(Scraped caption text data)
● ● ● ● ●

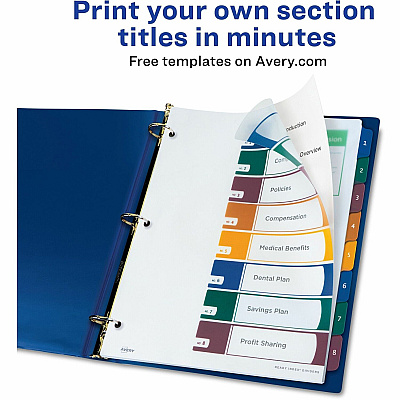 Avery Ready Index Customizable TOC Binder Dividers (AVE11817)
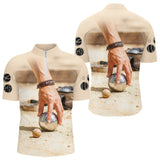 Polo Pétanque Homme Beige - Idée Cadeau Boules - Polo Zippé Homme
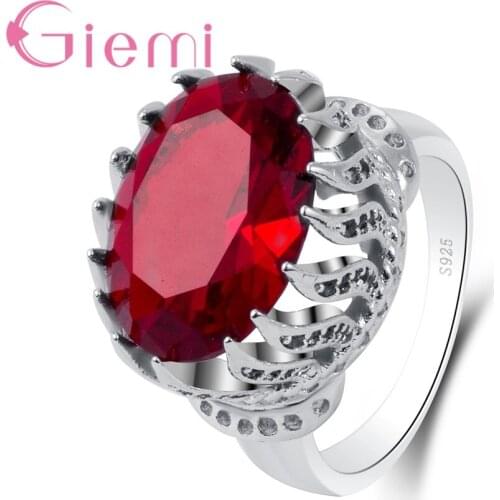 New Authentic 100% 925 Sterling Silver Big Oval Rings for Women Luxury Red Crystal Jewelry Ring Bijoux Femme Anel Gift
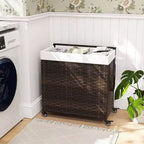 Panier à Linge 3 Sections de 125 L avec Roues, Couvercle et 2 Sacs de Doublure Amovibles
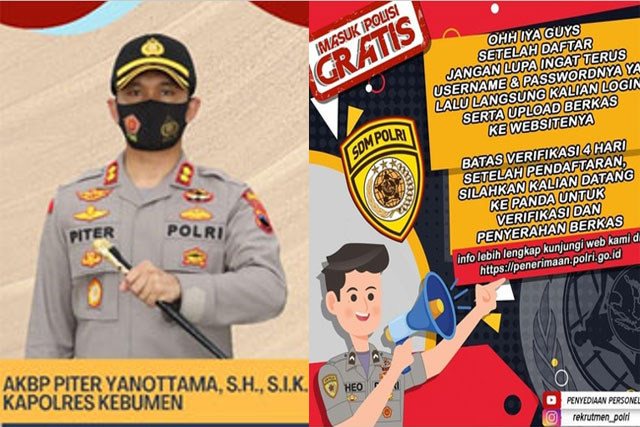 Kapolres Kebumen Tegaskan Penerimaan Polri Gratis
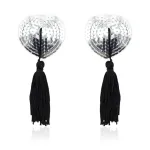 Pezoneras Autoadhesivas Forma de Corazón con Lentejuelas Negro/Plata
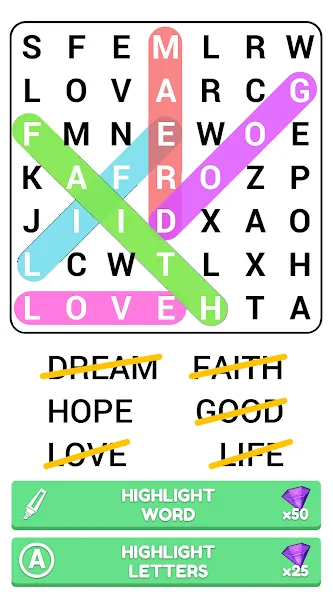 Скачать Word Search Puzzle Game [MOD: без рекламы и подсказки доступны] — скриншот 3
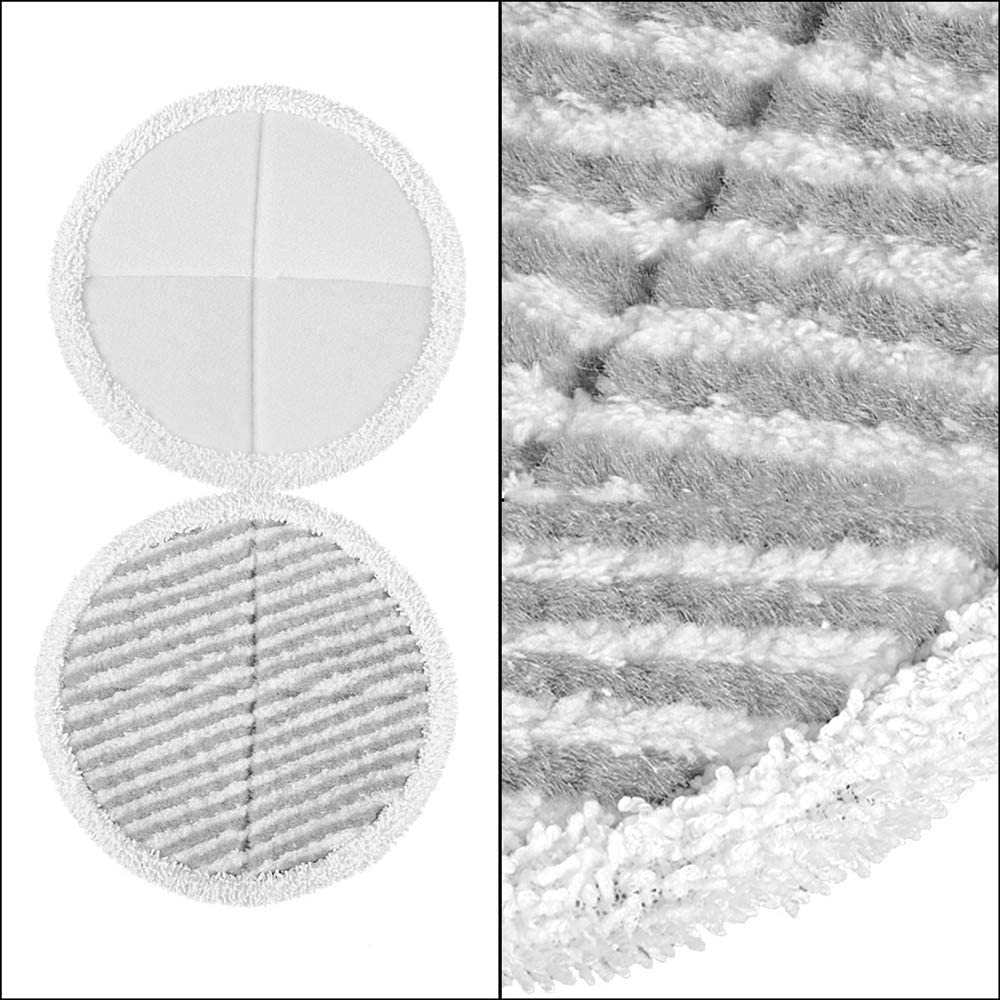 Cxnply 2124 Replacement Steam Mop Pads for Bissell Spinwave Cordless Hard Wood Floor Cleaner Powered Rotating Mop 2039A 2037 Series. (2 Soft Pads+2 Scrubby Pads)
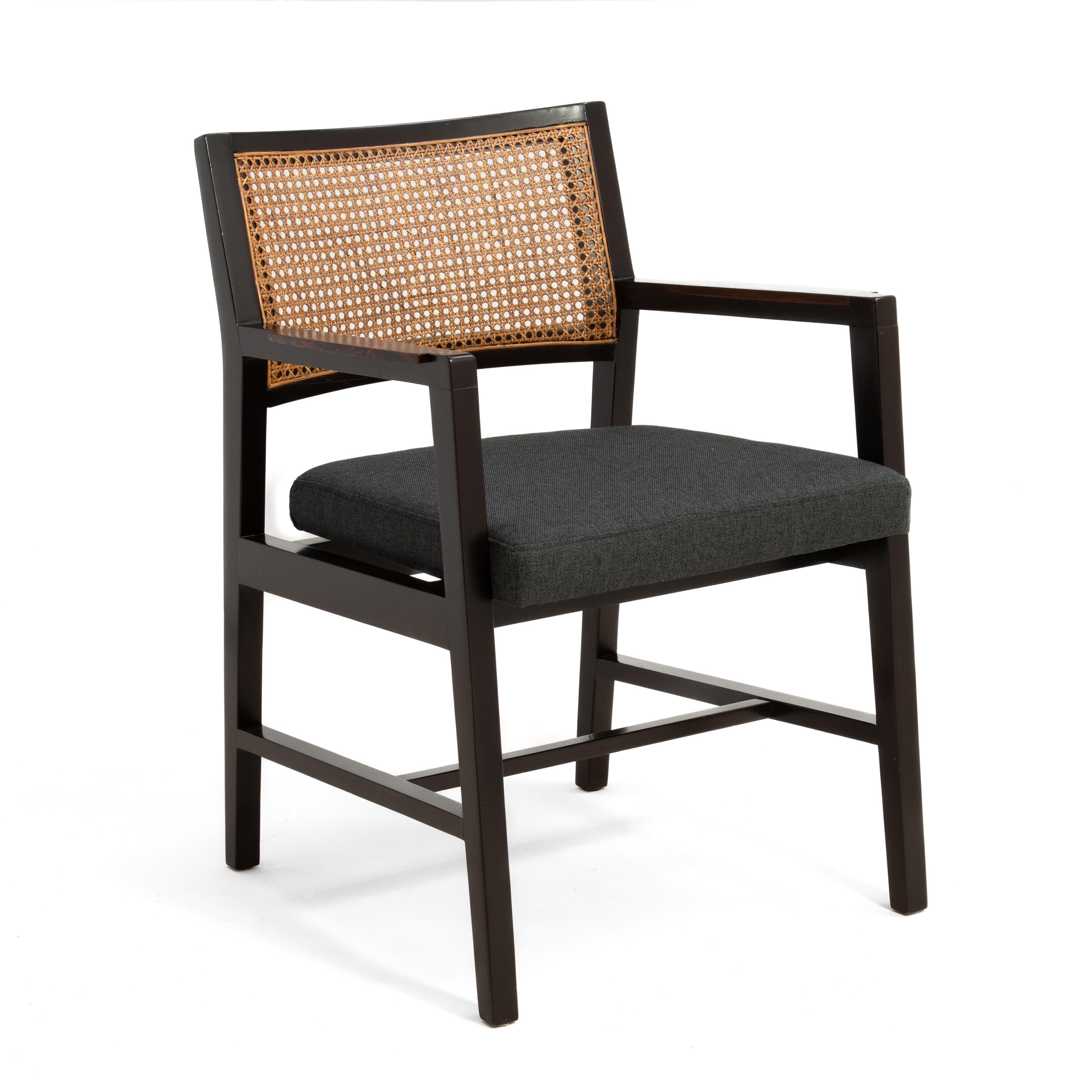 An Unmarked Dunbar armchair designed by Edward Wormley. A very elegant design with a hard to find 1/4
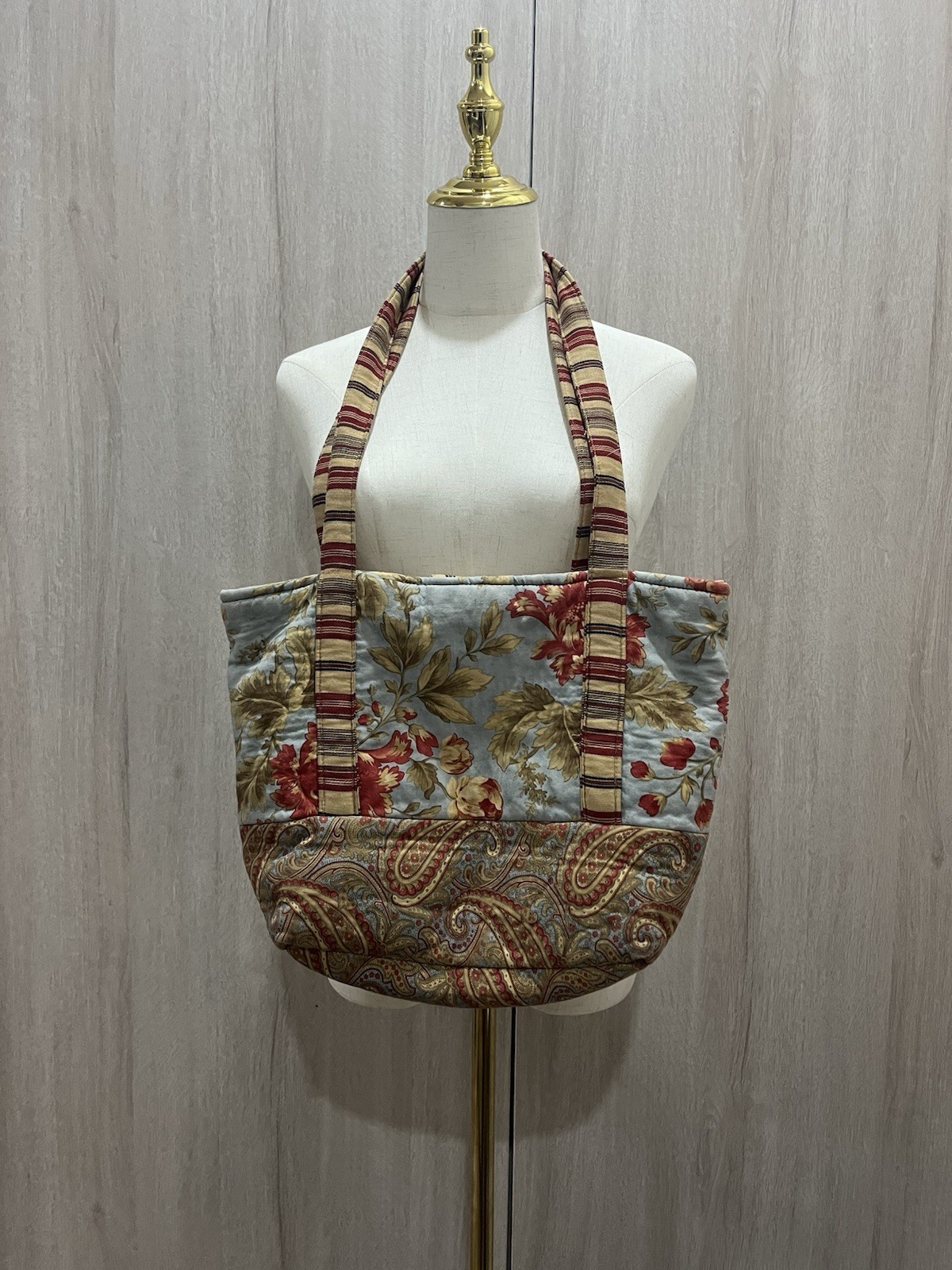 Handmade Quilted Floral Tote Bag Cottagecore Paisley Market Shoulder Bag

● ● ● ● ●

The response should consist of the lines above from the first through the one containing "New Authentic 100%", transcribed exactly, with every picture left out.

 Avery Ready Index Customizable TOC Binder Dividers (AVE11817)
 Polo Pétanque Homme Beige - Idée Cadeau Boules - Polo Zippé Homme
 New Authentic 100% 925 Sterling Silver Big Oval Rings for Women Luxury Red Crystal Jewelry Ring Bijoux Femme Anel Gift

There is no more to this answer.